━━━ The records

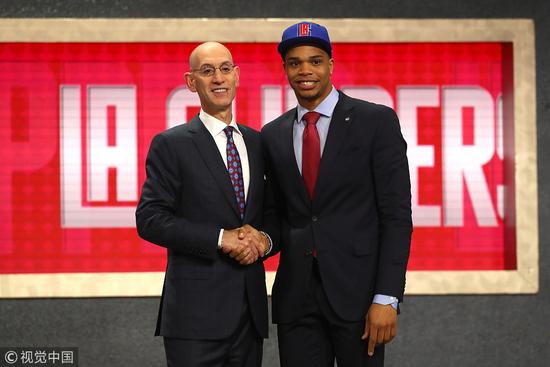 苏亚雷斯祝贺阿劳霍续约：我为你和巴萨球迷感到高兴.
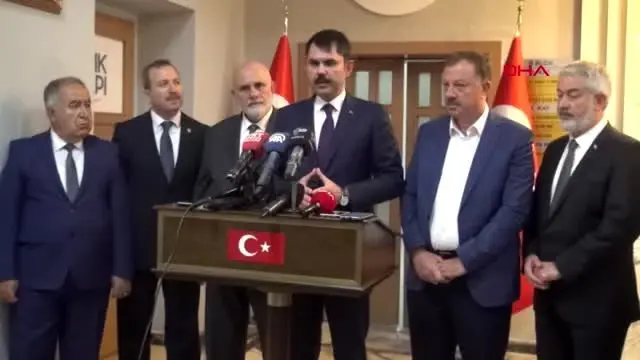 BAKAN KURUM KAZ DAĞLARI'NDA 195 BİN AĞAÇ KESİLMEDİ BAKAN KURUM KAZ DAĞLARI'NDA 195 BİN AĞAÇ KESİLMEDİ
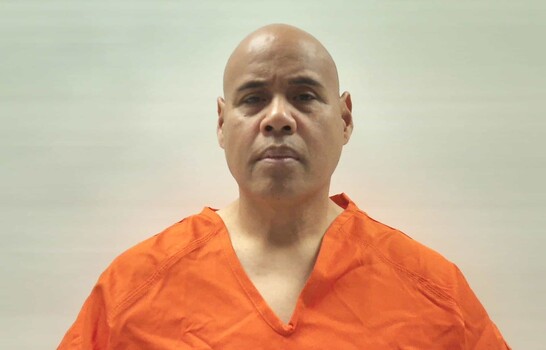 Agente de ICE acusado de disparar a venezolano comparece ante un tribunal en Minnesota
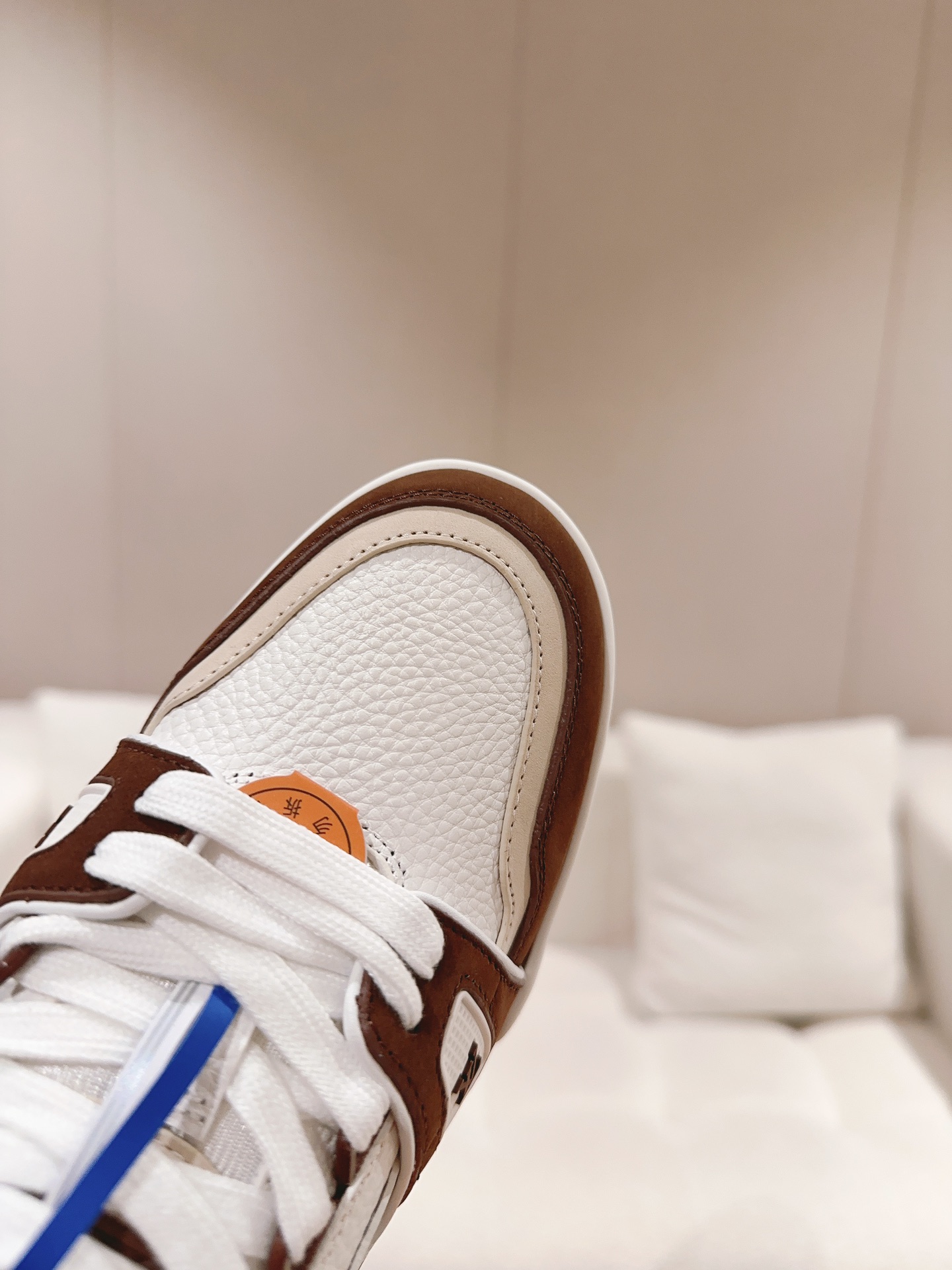 LOUIS VUITTON SNEAKERS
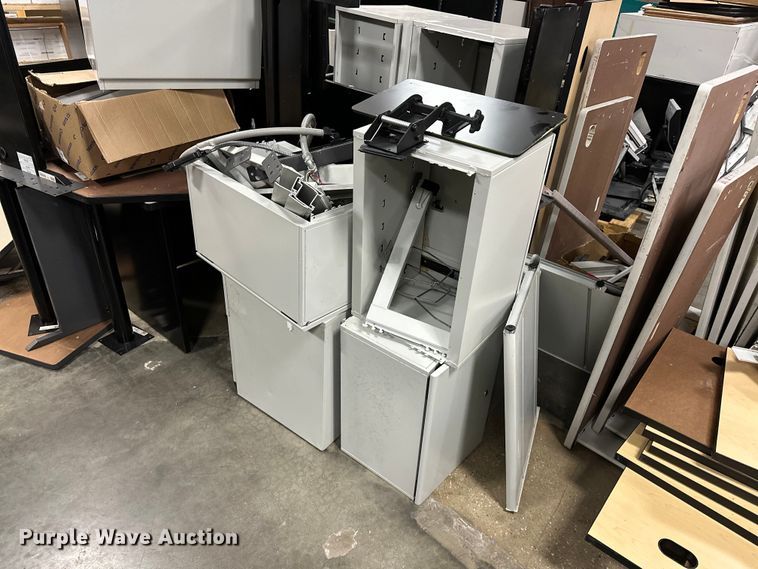 image for item OM9258 Office cubicals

━━━━━━

Problem to work on | Repeat the records in full, precisely, and keep the pictures out.

Solution below |
 苏亚雷斯祝贺阿劳霍续约：我为你和巴萨球迷感到高兴.
 BAKAN KURUM KAZ DAĞLARI'NDA 195 BİN AĞAÇ KESİLMEDİ BAKAN KURUM KAZ DAĞLARI'NDA 195 BİN AĞAÇ KESİLMEDİ
 Agente de ICE acusado de disparar a venezolano comparece ante un tribunal en Minnesota
 LOUIS VUITTON SNEAKERS
 image for item OM9258 Office cubicals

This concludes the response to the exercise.